I have the same peeves on the 6K Shapton feel and the Gesshin 4K is a dream to use by comparison. It isn't a soft as a Suehiro 1K/3K combo stone which feels like sharpening on a bar of soap but is a far cry from the hard Shapton feel.

I have the 220, 400, 1K/6K combo, 2K and 4K all Gesshin and the 4K is my favorite performer. I toss all these in a 1/2 size Cambro pan for the market days on Friday and don't take them out until Sunday.

Jim


----------



## northcack (Jan 21, 2013)

Thanks for the response Jim. I have seen multiple people talking about keeping certain stones 'living' in water, so I wasn't sure if it was for convenience only or if it brought out different characteristics in stones.

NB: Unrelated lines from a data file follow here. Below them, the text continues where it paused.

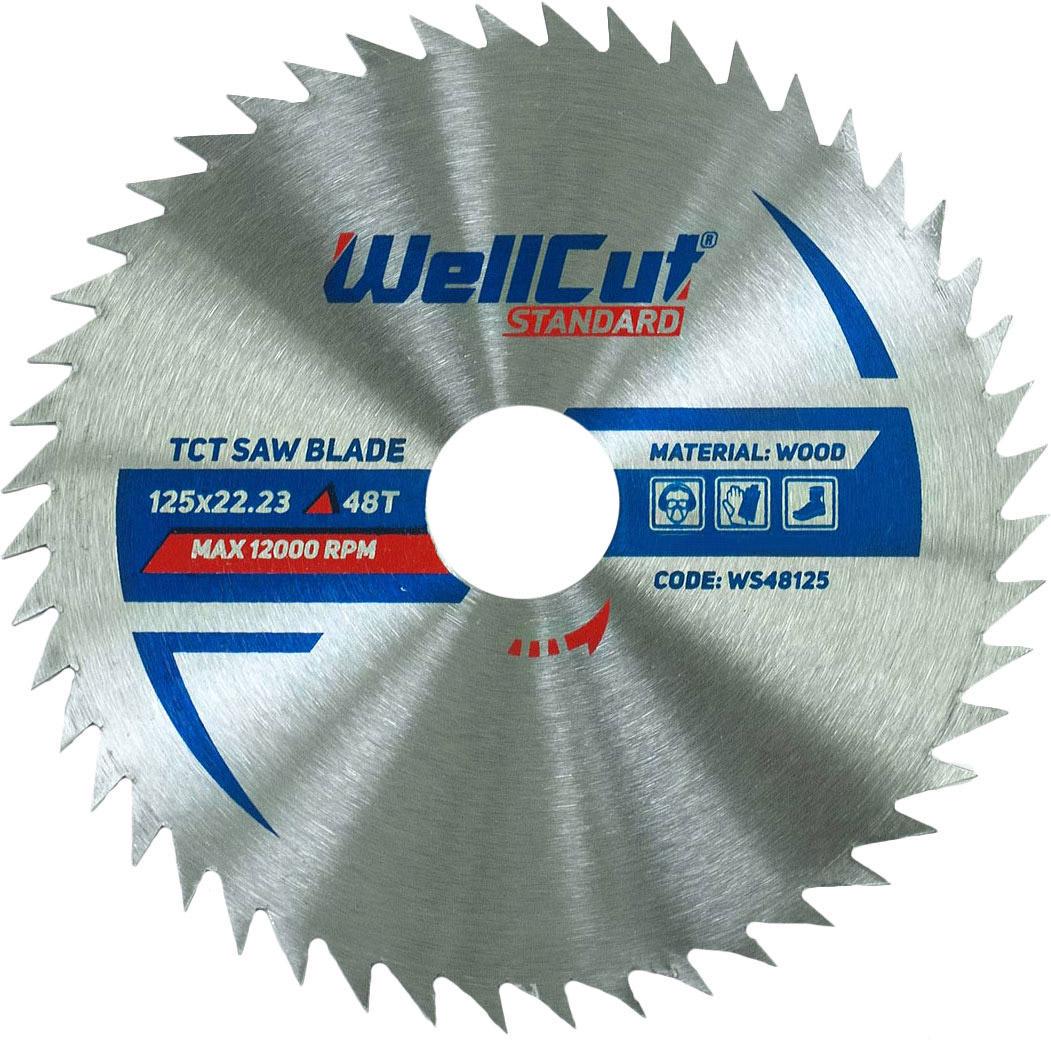 Диск пильный WellCut Standard 125x22,23 мм 48 зубьев (23453)
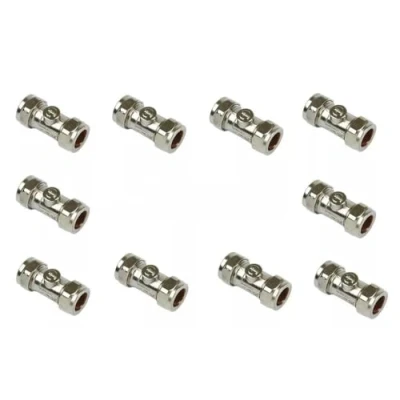 Image of TC 15mm Isolation Valves 10pcs Chrome Isolating Compression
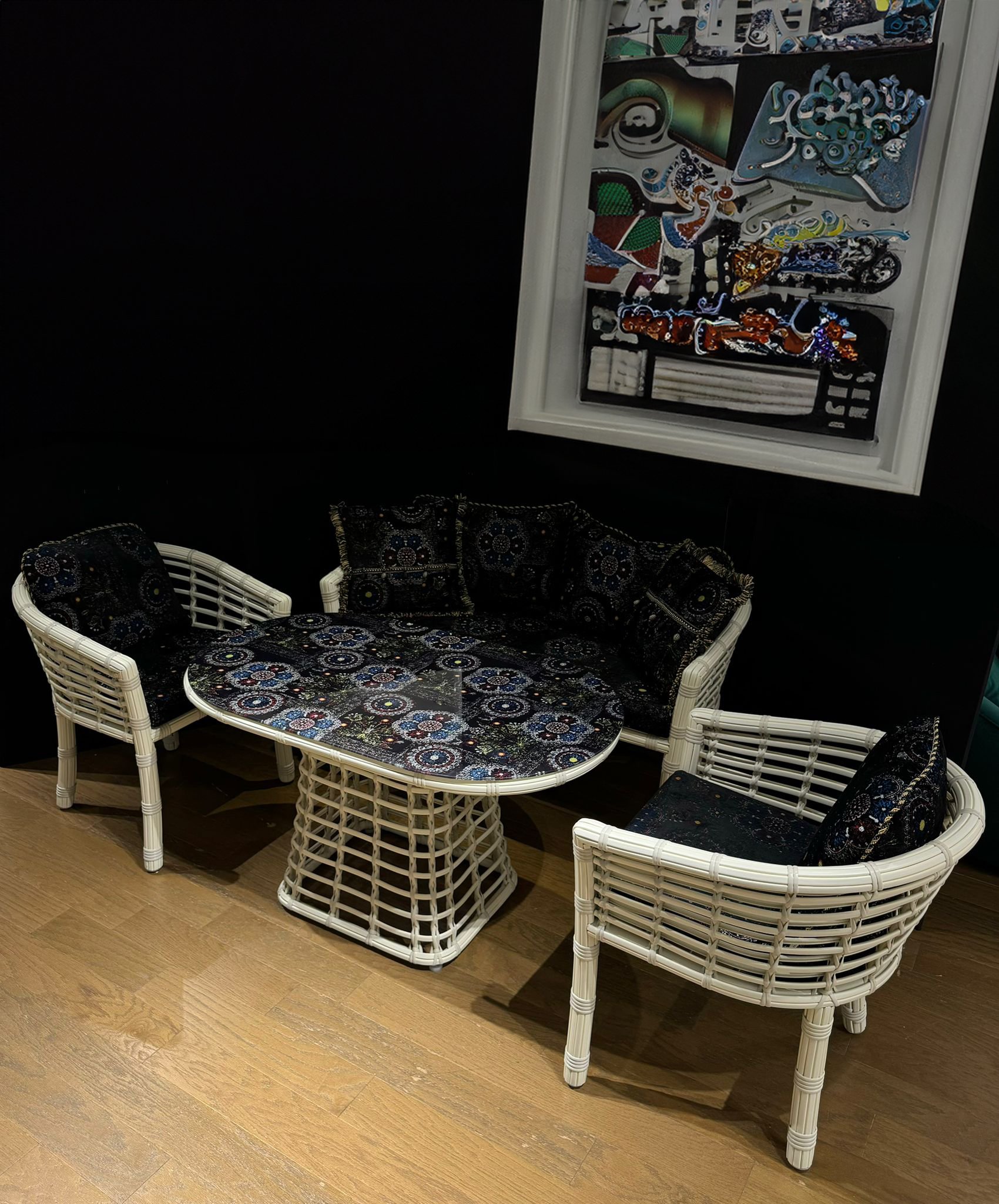 Ferozzi Midnight Mosaic Rattan Seating Set - 4-Piece with UV-Printed Glass Table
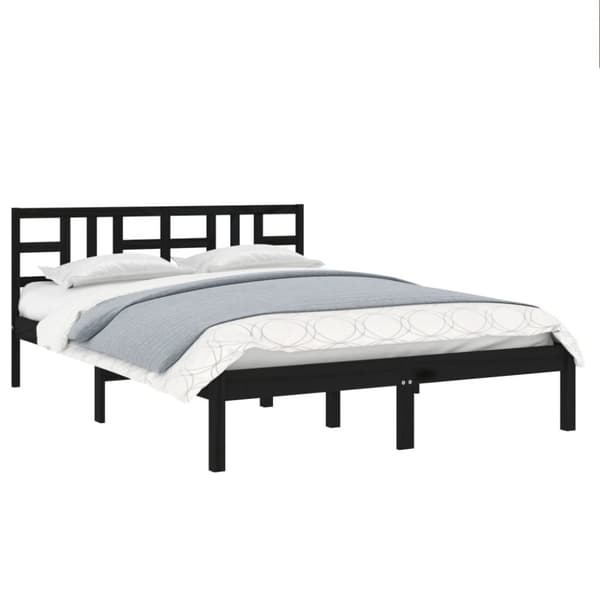 The Living Store sengeramme 200x200 cm massivt træ sort - Senge & sengeramme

Truth be told, I will probably buy all of the stones mentioned at some point. But that's because I enjoy geeking out over this sort of thing. I am on a quest to keep my knives stupid sharp fir work, and only really beginning to understand a higher grit does not necessarily mean a better edge. I realize 90% of that will come down to technique, but I'd like to explore my options.

As of right now, I am leaning towards the Naniwa 2k Green Brick + a Nubatama 1k, based off price and just how my setup is currently. But I am always open to opinions. If anyone has some thoughts on the feel/possible edge off a Suehiro Rika 5k versus the Gesshin 4k, please share.

The steel I am currently sharpening are a VG-5, VG-10, AEB-L, and White #2, if that matters to anyone. I am starting to think I prefer softer stones as well.


----------



## northcack (Jan 21, 2013)

I realized I'm talking about my love for softer stones while mentioning buying another, quite hard, 1k. That seems quite sensible to me - I'm looking for that 1k 'nirvana' before moving upwards.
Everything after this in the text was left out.